──────── THE RECORDS

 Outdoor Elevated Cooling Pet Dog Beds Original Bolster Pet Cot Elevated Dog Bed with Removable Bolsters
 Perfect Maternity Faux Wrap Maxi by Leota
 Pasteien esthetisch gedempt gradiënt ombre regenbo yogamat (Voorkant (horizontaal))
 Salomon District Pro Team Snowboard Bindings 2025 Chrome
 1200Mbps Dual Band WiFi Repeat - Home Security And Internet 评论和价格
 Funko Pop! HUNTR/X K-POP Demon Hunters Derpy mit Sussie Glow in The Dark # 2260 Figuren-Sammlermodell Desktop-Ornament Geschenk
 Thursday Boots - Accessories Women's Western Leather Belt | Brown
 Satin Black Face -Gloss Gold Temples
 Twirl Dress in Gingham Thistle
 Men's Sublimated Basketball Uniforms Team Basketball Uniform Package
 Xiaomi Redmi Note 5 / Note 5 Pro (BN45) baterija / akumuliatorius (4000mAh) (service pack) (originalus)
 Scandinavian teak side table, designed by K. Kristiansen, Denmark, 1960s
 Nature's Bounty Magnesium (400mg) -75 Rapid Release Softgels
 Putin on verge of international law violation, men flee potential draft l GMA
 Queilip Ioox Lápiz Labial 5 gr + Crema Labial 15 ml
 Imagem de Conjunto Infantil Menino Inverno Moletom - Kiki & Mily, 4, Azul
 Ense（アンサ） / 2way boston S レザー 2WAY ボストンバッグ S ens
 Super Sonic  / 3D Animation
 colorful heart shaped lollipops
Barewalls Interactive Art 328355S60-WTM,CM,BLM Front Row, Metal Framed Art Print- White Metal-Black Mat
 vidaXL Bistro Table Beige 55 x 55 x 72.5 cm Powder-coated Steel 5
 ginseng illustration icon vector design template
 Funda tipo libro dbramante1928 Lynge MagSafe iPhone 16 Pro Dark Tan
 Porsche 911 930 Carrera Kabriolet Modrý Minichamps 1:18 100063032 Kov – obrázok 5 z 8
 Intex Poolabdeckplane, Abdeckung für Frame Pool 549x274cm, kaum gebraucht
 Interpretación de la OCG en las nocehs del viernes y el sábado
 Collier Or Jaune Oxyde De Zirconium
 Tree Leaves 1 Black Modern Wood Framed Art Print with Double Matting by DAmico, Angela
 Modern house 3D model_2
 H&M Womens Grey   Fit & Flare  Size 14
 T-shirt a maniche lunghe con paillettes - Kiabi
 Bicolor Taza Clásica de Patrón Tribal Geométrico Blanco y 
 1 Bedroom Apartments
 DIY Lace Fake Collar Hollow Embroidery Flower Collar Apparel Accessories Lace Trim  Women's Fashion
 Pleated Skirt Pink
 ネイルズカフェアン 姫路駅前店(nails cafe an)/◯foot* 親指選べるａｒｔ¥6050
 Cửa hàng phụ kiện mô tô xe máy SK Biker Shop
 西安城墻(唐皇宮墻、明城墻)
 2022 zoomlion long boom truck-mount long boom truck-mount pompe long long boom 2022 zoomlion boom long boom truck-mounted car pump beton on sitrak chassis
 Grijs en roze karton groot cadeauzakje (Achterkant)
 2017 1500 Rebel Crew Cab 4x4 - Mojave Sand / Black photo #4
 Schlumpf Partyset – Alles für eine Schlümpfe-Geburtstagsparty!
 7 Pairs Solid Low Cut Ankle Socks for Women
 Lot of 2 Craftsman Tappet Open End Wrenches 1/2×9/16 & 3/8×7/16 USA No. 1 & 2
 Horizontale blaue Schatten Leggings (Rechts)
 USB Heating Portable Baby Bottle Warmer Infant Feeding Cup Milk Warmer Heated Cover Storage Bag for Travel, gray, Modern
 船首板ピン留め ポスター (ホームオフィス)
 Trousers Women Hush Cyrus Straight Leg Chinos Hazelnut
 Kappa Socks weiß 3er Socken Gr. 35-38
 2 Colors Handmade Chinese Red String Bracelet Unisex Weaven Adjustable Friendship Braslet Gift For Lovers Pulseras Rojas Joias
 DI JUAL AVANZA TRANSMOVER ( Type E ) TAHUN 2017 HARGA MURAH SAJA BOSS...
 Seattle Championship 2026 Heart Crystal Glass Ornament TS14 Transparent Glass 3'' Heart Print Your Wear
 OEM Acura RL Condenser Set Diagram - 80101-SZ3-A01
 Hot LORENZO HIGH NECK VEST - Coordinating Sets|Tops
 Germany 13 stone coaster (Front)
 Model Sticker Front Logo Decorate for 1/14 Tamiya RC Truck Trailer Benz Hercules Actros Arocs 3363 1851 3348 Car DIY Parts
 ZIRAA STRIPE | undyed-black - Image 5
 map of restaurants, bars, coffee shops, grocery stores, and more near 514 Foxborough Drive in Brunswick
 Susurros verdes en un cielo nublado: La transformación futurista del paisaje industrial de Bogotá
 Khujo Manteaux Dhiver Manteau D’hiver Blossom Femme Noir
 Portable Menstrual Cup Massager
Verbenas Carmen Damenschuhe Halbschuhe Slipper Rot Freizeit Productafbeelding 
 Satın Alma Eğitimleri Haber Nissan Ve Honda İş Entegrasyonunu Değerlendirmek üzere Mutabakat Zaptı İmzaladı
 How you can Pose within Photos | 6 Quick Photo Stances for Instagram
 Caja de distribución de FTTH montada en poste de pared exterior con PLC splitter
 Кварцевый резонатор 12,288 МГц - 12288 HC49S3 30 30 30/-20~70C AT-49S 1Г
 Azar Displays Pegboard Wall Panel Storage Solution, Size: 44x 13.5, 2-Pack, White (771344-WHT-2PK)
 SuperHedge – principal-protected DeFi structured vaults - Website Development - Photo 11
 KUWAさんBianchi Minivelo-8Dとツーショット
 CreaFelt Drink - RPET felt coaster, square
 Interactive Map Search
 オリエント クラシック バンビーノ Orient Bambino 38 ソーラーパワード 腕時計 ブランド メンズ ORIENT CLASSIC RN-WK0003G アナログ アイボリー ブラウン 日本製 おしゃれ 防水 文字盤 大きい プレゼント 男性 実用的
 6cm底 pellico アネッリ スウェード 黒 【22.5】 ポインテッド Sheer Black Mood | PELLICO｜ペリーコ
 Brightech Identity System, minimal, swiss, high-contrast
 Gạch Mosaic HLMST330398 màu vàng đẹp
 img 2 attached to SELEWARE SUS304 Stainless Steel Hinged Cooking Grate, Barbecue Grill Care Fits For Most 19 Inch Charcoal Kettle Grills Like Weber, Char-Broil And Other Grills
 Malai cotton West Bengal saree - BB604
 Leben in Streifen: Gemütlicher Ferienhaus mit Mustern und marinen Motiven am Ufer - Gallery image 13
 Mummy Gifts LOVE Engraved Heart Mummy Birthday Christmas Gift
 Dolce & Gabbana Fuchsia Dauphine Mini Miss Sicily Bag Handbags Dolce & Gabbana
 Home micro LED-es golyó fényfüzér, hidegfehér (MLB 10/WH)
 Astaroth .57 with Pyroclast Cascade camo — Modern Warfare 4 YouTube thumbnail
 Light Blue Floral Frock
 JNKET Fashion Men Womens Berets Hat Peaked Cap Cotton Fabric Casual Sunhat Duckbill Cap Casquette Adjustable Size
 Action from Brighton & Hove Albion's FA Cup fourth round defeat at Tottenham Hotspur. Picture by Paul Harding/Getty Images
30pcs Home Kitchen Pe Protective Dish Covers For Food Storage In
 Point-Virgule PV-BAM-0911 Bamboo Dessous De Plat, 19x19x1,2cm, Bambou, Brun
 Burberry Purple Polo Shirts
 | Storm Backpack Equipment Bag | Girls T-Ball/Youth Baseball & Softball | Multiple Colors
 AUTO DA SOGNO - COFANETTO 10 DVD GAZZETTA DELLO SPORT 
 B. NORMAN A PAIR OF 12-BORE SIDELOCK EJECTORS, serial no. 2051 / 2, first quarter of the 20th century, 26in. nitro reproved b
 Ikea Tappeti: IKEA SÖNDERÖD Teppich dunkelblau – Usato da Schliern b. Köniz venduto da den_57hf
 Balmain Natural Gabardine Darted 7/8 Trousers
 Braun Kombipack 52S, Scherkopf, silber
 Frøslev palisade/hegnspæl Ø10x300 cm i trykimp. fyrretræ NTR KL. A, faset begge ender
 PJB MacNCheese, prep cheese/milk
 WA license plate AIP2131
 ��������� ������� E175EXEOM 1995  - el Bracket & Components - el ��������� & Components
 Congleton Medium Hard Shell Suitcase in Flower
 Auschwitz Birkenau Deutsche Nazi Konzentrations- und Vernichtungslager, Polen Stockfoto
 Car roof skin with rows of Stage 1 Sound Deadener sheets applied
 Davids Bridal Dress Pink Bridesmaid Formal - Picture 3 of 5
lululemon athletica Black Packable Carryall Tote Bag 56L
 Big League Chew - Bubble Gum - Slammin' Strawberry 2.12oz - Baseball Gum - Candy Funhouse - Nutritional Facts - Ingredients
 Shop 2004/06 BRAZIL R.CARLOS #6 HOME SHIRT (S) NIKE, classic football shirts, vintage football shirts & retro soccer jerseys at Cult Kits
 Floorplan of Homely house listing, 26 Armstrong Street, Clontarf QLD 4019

────────────────

(ACTION ITEM):
If a line of the records above contains the word "Dark", count it; then give the total and nothing more.

(RESPONSE FOR THIS EXERCISE):
2